Output, exactly as written, the lines below from the one that has "Odza, modern apartment, 3" through the one that has "Zara Printed Blouse"; nothing else, and no pictures.
+++ Supplied information +++
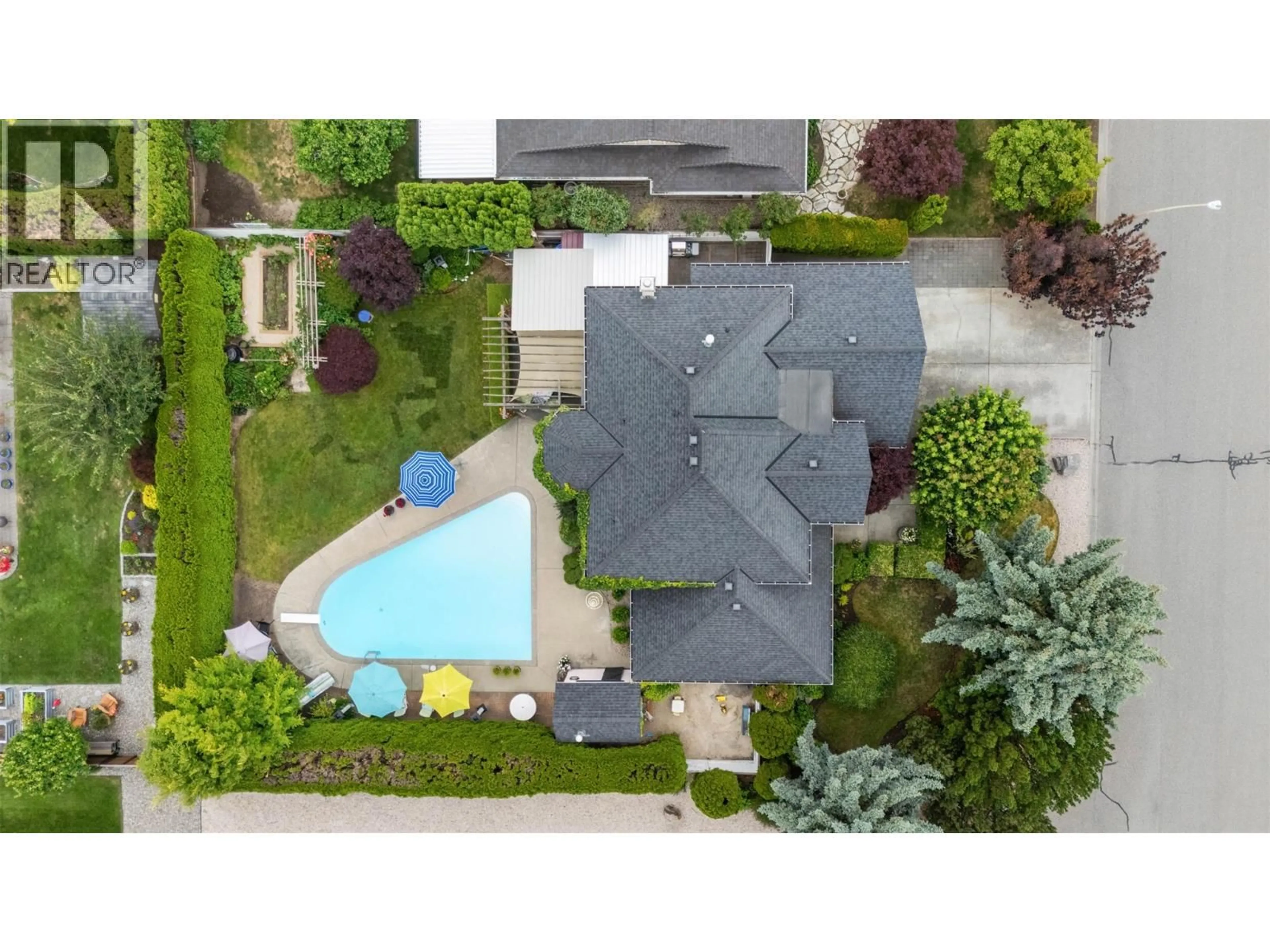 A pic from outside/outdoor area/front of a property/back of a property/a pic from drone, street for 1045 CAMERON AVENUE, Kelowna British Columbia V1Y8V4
+++
+++ Supplied information +++
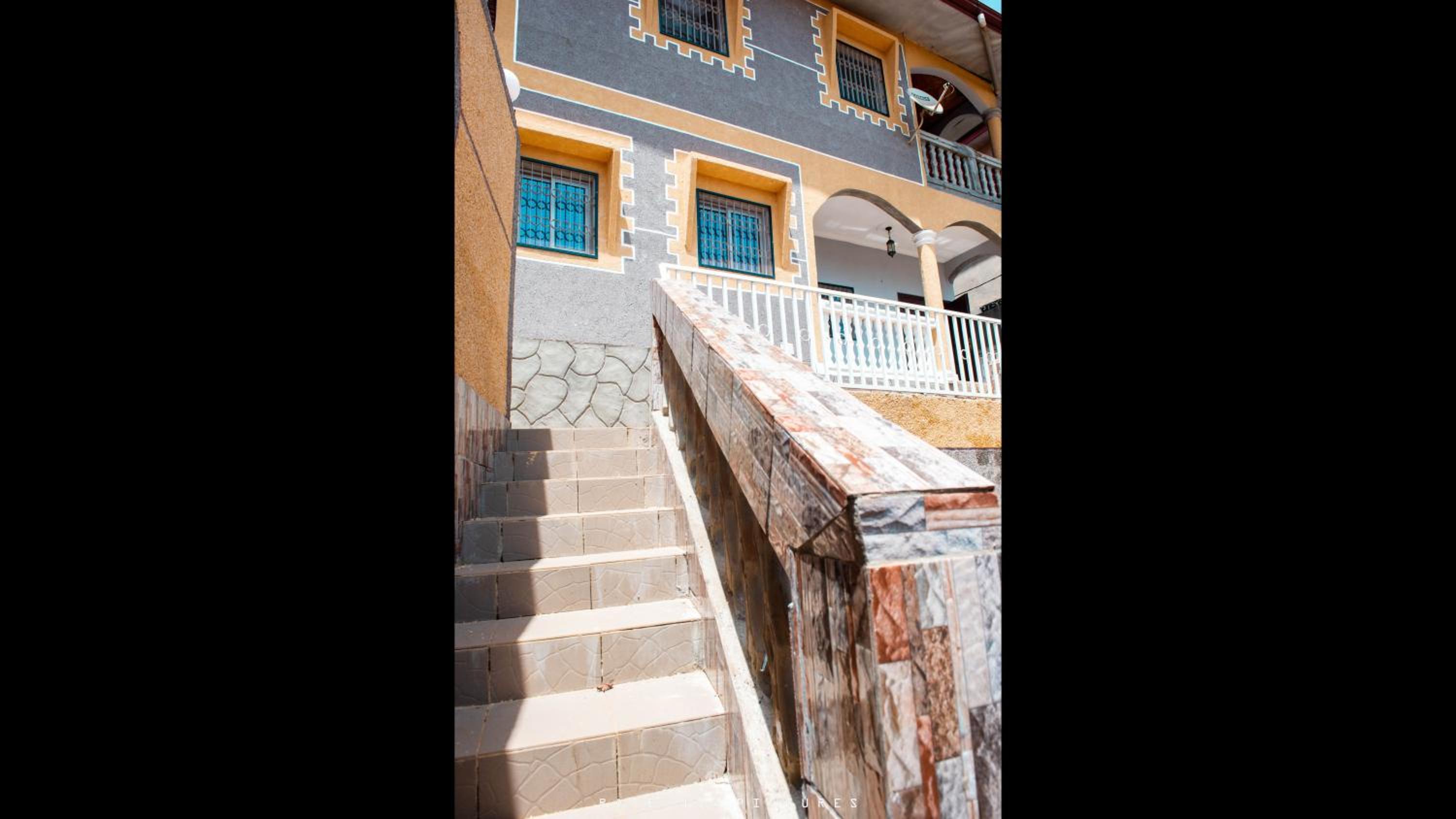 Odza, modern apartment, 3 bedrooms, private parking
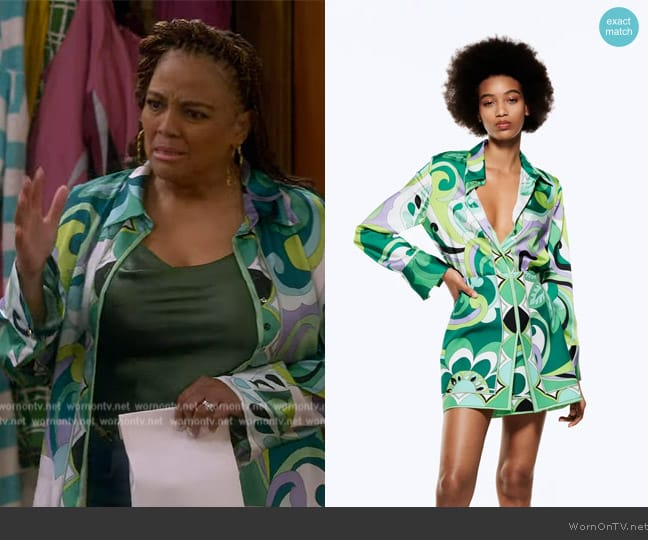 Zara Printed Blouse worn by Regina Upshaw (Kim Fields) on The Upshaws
+++
+++ Supplied information +++
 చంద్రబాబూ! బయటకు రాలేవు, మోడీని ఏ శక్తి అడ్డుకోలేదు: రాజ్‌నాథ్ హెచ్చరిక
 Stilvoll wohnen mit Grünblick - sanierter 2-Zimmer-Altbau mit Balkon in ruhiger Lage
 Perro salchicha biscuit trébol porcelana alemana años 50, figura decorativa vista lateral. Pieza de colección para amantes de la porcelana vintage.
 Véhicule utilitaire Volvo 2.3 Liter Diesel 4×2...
+++
Task result
 Odza, modern apartment, 3 bedrooms, private parking
 Zara Printed Blouse worn by Regina Upshaw (Kim Fields) on The Upshaws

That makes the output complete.